--- WHAT NEEDS TO BE DONE ---
Beginning with the line that holds "Group of happy" in the data below, give again every line through the one that holds "Hans Wächtler, Gründer", exactly as written.

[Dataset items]
_____

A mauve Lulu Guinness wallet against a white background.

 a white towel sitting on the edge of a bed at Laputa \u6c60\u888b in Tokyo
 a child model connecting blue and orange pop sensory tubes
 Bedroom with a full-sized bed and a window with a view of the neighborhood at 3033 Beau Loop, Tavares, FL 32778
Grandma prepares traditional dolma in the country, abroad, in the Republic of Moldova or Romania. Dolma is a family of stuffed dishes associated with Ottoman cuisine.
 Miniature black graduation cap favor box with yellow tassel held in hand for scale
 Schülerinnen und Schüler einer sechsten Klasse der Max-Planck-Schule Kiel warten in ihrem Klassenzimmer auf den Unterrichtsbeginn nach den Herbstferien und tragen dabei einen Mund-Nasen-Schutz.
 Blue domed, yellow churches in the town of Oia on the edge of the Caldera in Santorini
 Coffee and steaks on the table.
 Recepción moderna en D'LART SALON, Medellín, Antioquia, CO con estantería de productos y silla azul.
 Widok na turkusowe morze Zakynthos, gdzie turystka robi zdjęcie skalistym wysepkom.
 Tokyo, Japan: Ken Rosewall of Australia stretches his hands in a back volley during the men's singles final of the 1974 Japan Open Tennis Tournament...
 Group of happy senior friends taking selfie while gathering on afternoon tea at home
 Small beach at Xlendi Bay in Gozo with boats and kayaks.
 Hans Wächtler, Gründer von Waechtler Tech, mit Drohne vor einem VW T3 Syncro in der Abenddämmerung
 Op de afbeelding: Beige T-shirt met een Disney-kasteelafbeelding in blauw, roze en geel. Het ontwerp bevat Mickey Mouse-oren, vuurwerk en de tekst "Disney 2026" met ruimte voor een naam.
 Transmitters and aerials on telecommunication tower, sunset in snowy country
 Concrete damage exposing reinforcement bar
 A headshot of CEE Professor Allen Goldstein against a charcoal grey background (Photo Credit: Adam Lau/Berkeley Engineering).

_____

--- ANSWER SECTION ---
 Group of happy senior friends taking selfie while gathering on afternoon tea at home
 Small beach at Xlendi Bay in Gozo with boats and kayaks.
 Hans Wächtler, Gründer von Waechtler Tech, mit Drohne vor einem VW T3 Syncro in der Abenddämmerung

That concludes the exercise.